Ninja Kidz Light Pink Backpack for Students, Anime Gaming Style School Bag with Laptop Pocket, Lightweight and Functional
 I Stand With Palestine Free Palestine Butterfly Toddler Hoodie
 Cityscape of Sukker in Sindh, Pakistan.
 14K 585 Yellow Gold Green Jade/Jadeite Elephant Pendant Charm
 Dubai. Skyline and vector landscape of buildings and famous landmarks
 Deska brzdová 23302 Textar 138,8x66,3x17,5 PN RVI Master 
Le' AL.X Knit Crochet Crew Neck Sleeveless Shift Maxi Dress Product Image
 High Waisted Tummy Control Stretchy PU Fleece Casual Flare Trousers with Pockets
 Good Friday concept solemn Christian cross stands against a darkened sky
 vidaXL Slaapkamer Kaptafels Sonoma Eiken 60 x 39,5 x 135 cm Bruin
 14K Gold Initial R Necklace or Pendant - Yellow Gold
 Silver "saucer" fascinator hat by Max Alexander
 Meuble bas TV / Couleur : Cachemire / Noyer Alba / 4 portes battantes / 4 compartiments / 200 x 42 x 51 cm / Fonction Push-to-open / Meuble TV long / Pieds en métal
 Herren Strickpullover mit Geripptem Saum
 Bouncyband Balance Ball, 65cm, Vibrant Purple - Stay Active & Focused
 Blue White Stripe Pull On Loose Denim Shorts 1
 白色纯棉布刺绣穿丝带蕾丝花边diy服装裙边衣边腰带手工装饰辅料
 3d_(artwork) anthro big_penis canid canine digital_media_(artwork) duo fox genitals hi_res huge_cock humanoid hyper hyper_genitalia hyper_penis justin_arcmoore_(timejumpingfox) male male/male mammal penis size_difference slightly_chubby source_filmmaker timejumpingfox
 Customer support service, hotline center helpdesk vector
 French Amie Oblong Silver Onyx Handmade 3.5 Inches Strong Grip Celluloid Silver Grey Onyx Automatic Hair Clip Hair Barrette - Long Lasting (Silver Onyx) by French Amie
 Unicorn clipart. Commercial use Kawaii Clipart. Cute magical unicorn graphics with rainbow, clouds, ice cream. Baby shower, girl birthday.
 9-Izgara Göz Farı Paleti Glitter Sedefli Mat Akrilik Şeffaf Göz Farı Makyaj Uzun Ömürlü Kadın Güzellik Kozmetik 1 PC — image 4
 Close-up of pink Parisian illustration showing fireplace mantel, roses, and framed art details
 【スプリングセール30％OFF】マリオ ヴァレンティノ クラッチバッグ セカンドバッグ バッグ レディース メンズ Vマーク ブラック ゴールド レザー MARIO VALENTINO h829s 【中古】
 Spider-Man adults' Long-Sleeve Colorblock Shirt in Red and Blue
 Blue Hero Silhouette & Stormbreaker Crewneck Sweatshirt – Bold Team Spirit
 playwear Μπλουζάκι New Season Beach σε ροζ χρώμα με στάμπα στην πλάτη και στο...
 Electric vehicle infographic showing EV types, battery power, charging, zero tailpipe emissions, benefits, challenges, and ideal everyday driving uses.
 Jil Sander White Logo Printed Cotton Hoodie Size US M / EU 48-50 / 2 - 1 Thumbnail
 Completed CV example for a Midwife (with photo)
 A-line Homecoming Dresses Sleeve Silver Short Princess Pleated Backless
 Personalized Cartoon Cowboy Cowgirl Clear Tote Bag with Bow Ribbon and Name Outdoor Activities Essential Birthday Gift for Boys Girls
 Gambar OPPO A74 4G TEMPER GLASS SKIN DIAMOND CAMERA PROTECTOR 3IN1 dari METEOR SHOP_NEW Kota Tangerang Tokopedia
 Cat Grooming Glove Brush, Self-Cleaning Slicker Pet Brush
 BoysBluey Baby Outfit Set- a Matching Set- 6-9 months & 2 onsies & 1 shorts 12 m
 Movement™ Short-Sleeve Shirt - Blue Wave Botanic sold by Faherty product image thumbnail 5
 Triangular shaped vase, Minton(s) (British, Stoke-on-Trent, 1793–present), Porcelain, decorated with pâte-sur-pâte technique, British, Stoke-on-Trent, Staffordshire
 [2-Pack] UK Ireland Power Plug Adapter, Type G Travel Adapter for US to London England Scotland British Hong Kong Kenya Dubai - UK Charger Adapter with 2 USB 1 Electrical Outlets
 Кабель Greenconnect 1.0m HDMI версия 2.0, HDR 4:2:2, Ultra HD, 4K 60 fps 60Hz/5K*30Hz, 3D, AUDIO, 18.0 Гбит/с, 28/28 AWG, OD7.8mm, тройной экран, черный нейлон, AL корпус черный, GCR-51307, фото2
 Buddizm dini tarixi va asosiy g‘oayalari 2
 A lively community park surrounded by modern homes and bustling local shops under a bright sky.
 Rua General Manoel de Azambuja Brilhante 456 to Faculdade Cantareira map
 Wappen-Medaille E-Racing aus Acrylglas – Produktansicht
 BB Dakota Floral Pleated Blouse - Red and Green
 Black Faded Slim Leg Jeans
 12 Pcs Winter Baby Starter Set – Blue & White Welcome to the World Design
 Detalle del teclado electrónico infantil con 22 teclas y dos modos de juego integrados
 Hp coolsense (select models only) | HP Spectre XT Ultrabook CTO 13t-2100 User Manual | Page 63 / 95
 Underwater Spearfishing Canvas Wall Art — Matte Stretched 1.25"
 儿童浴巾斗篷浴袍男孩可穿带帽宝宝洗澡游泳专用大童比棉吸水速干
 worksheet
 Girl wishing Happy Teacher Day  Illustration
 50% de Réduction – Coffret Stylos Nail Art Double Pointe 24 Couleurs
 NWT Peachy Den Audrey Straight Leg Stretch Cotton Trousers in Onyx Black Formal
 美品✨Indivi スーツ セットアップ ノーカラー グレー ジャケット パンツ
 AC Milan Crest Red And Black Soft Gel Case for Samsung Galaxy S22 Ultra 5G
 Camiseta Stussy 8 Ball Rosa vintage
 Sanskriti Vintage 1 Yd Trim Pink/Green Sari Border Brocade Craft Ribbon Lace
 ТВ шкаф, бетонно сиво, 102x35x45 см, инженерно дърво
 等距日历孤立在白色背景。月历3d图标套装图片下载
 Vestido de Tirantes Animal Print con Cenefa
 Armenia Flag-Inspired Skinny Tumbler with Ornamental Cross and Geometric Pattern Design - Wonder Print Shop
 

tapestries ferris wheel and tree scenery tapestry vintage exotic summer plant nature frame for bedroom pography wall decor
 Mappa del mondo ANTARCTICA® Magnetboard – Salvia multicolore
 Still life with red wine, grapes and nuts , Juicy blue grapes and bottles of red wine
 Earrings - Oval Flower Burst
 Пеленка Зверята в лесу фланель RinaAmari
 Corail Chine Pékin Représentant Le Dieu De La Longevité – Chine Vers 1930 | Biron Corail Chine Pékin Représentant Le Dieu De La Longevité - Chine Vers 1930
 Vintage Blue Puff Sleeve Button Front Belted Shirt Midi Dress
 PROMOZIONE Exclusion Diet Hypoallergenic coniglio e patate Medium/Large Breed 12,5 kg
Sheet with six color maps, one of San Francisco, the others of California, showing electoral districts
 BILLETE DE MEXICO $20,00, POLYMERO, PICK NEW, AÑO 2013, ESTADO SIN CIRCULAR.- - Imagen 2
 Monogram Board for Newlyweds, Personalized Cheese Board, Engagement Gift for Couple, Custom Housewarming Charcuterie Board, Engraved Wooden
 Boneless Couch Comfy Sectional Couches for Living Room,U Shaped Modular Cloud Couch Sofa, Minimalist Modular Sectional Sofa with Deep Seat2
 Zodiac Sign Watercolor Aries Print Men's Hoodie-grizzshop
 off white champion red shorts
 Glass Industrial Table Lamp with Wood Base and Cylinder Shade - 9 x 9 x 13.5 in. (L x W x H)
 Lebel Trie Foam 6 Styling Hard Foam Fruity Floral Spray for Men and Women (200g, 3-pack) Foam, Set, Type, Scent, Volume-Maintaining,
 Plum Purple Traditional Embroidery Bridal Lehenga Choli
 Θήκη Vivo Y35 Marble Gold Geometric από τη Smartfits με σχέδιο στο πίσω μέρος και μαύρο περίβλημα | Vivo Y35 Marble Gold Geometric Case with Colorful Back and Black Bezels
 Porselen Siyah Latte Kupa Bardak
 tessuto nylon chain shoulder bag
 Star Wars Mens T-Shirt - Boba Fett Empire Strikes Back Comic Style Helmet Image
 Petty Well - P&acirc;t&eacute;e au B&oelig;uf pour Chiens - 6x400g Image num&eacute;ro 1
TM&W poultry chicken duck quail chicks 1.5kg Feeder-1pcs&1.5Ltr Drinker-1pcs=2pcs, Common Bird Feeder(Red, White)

================

§ Exercise details
Output exactly one stretch of the listing: from the line containing "playwear Μπλουζάκι New" through the line containing "BoysBluey Baby Outfit", both end lines included.

§ Exercise solution
 playwear Μπλουζάκι New Season Beach σε ροζ χρώμα με στάμπα στην πλάτη και στο...
 Electric vehicle infographic showing EV types, battery power, charging, zero tailpipe emissions, benefits, challenges, and ideal everyday driving uses.
 Jil Sander White Logo Printed Cotton Hoodie Size US M / EU 48-50 / 2 - 1 Thumbnail
 Completed CV example for a Midwife (with photo)
 A-line Homecoming Dresses Sleeve Silver Short Princess Pleated Backless
 Personalized Cartoon Cowboy Cowgirl Clear Tote Bag with Bow Ribbon and Name Outdoor Activities Essential Birthday Gift for Boys Girls
 Gambar OPPO A74 4G TEMPER GLASS SKIN DIAMOND CAMERA PROTECTOR 3IN1 dari METEOR SHOP_NEW Kota Tangerang Tokopedia
 Cat Grooming Glove Brush, Self-Cleaning Slicker Pet Brush
 BoysBluey Baby Outfit Set- a Matching Set- 6-9 months & 2 onsies & 1 shorts 12 m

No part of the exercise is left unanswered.